The pit of Pomona

A large pit on Pomona’s West Second Street downtown was dug for a condo project by Watt Development Co. early this year, and that’s as far as the project got before the housing market crashed. Some think the pit, which takes up half a square block, is an eyesore and would rather see it filled and turned into a sculpture garden.

At lunch Monday I was reading a Talk of the Town item in the Dec. 8 New Yorker about NYC’s own construction pits. Let me quote the relevant portion:

“What will become of the pits? Can we turn them into half-wild swimming holes, like the granite quarries of New England? Ring them with barbed wire and convert them into debtors’ prisons or internment camps for the culprits who structured synthetic C.D.O.s?

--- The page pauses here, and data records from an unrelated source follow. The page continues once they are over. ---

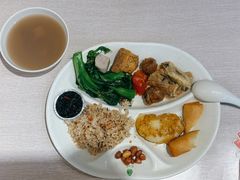 -素之缘素食(新之城店)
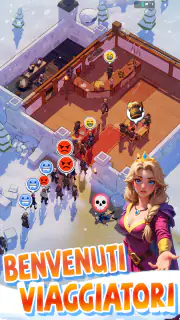 Tavern Master screenshot 1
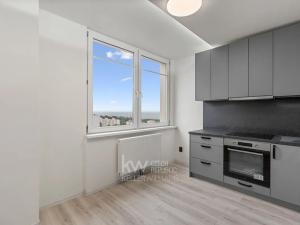 Prodej bytu 4+kk, Praha - Troja, Olštýnská, 91 m2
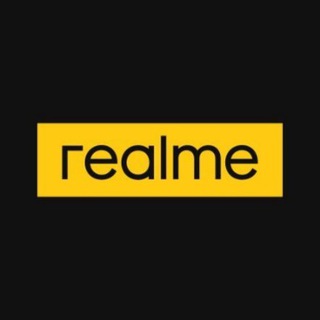 टेलीग्राम चैनल का लोगो realmeindiaofficial — realme India Official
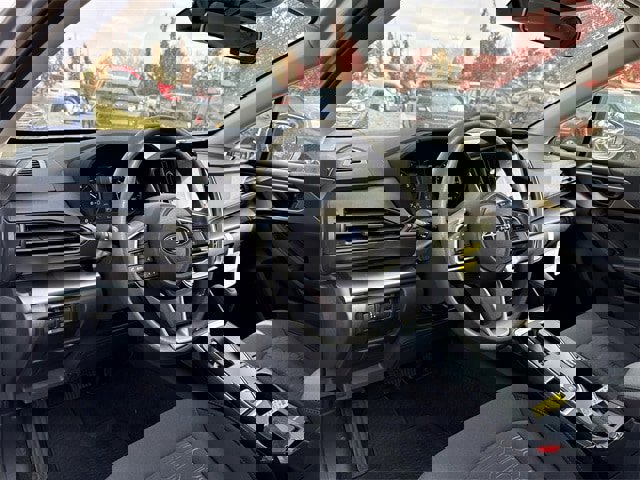 New 2026 Subaru Impreza 2.0i Sport image 10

They’d make excellent ha-has, for livery horses or livestock. Corn mazes. Extreme-cockfighting arenas. Or perhaps they could serve, over time, as urban tar pits, entrapping and preserving in garbage and white brick dust the occasional unlucky passerby for the scientific edification of future generations, if there turn out to be any. Or they could become parking lots.

“Vacant space tends to remain vacant, in anticipation of an upswing. Tax policy, inertia, and the eternal belief that things will get better (profitable) again usually trump civic dreams of pocket parks or stickball fields.”

An extreme-cockfighting arena has merit, though.